_DATA LISTING_
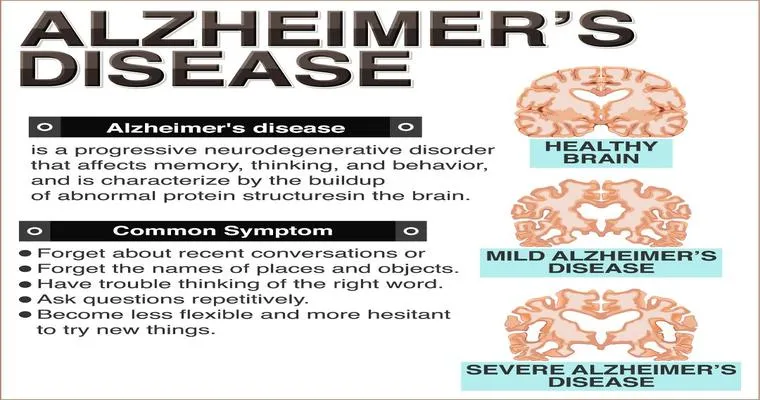 Early stage Alzheimer’s problems, any advice?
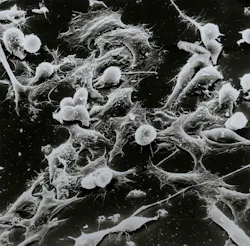 Unsplash Cancer Cells National Cancer Institute W Ug8xh J3a Bs Unsplash 1 61ead0b0572bc Unsplash Cancer Cells National Cancer Institute W Ug8xh J3a Bs Unsplash 1 61ead0b0572bc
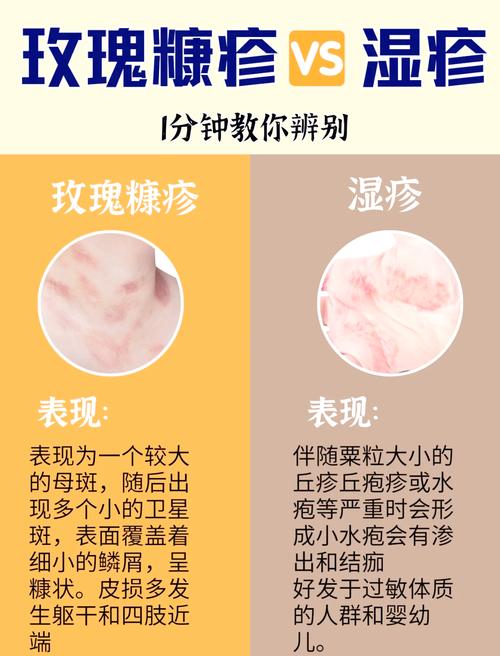 皮肤对称痒是何原因?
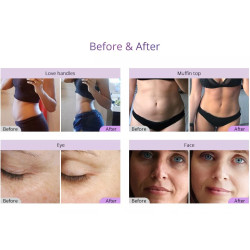 Ultragarso kavitacijos vakuuminis RF lipo lazerinis aparatas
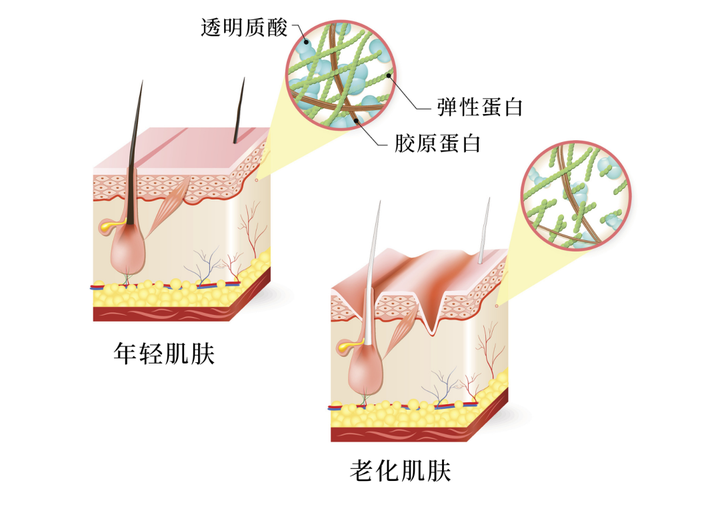 创面修复医用敷料怎么用学术分享｜重组胶原蛋白在炎症性皮肤病中的应用_https://www.jmylbn.com_新闻资讯_第5张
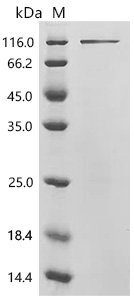 Mouse LIM domain and actin-binding protein 1 (Lima1) Recombinant Protein, Mus musculus (Mouse), E.coli, C-terminal 6xHis-tagged, 91.0 kDa, purity >≥ 85% as determined by SDS-PAGE.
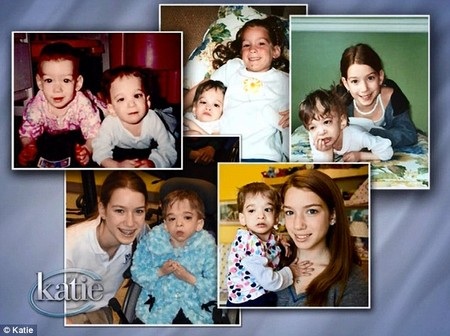 Em gái Carly của Brooke vẫn phát triển bình thường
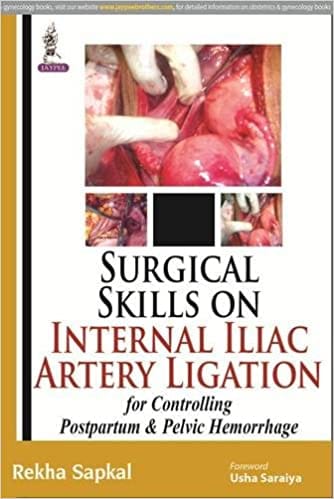 Surgical Skills on Internal Iliac Artery Ligation 1st Edition 2009 by Sapkal Rekha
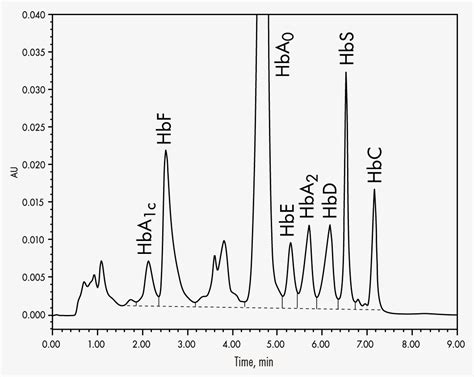 hemoglobin variants hplc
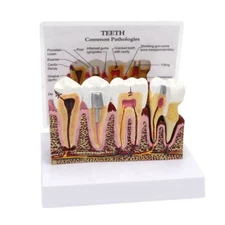 Human Periodontal Pathologies Teeth Model Anatomical Detachable Tooth Model USA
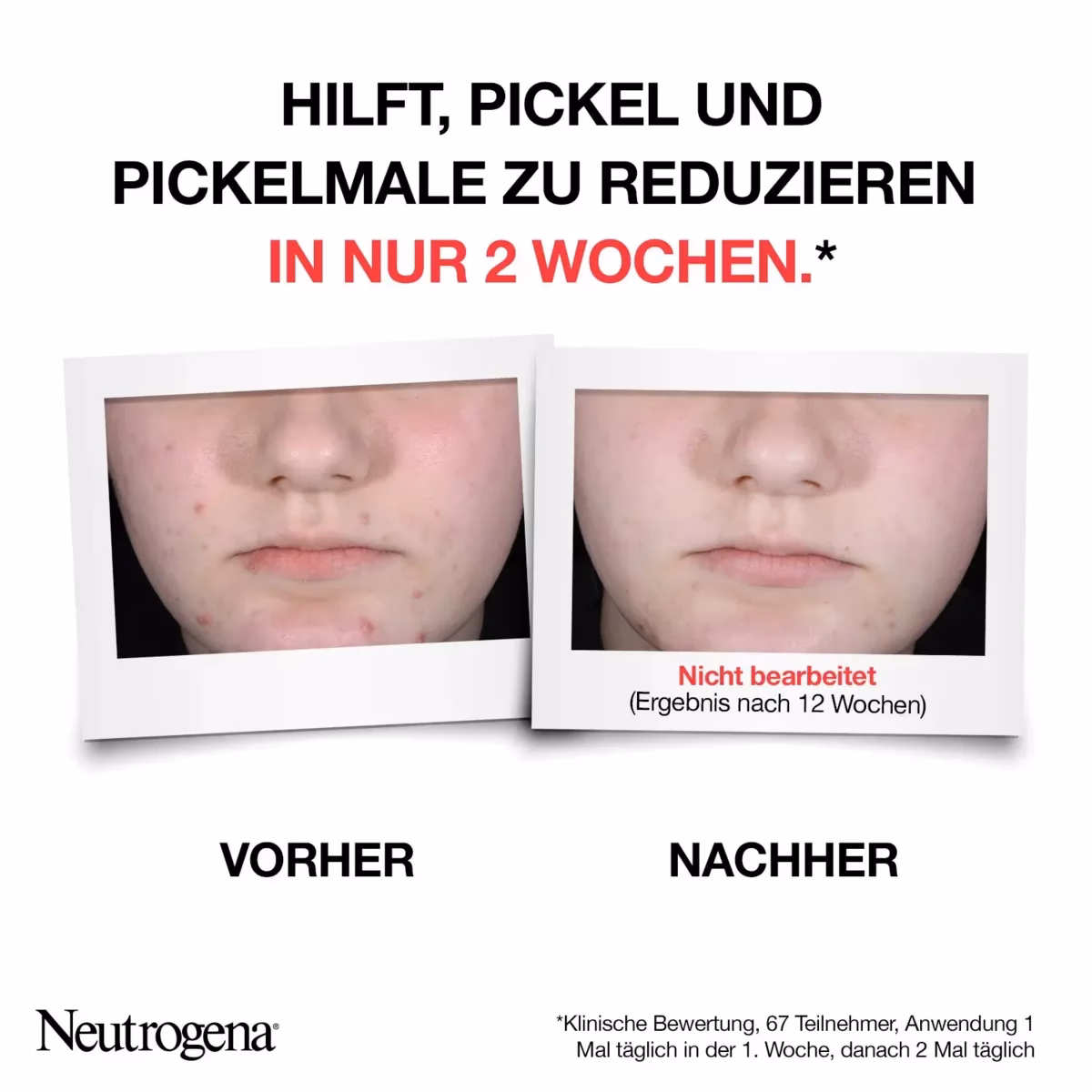 Wie sieht ein Pickel nach Akne aus?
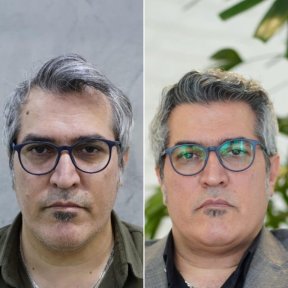 before-after photo fue-hair-transplant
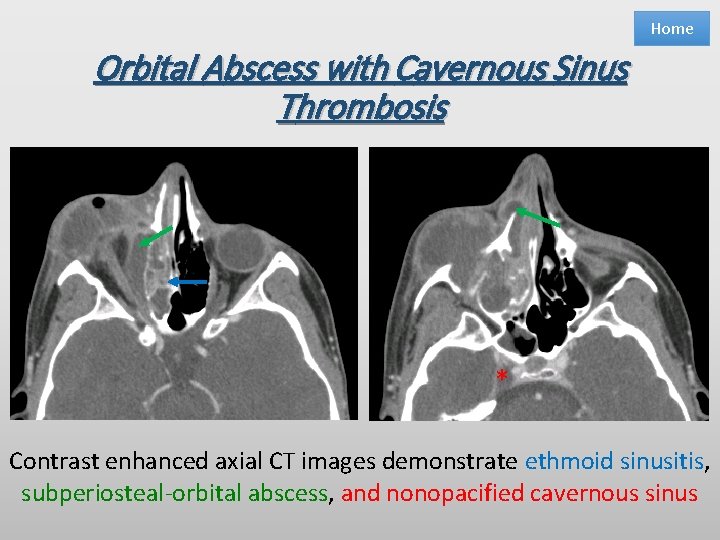 Home Orbital Abscess with Cavernous Sinus Thrombosis * Contrast enhanced axial CT images demonstrate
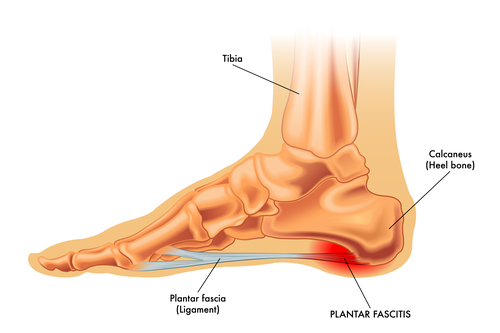 ART and Plantar Fasciitis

_ABOUT THIS TASK_
Take the records above from the line with "before-after photo fue-hair-transplant" down to their last line and please copy those lines exactly, without the pictures.

_TASK SOLUTION_
 before-after photo fue-hair-transplant
 Home Orbital Abscess with Cavernous Sinus Thrombosis * Contrast enhanced axial CT images demonstrate
 ART and Plantar Fasciitis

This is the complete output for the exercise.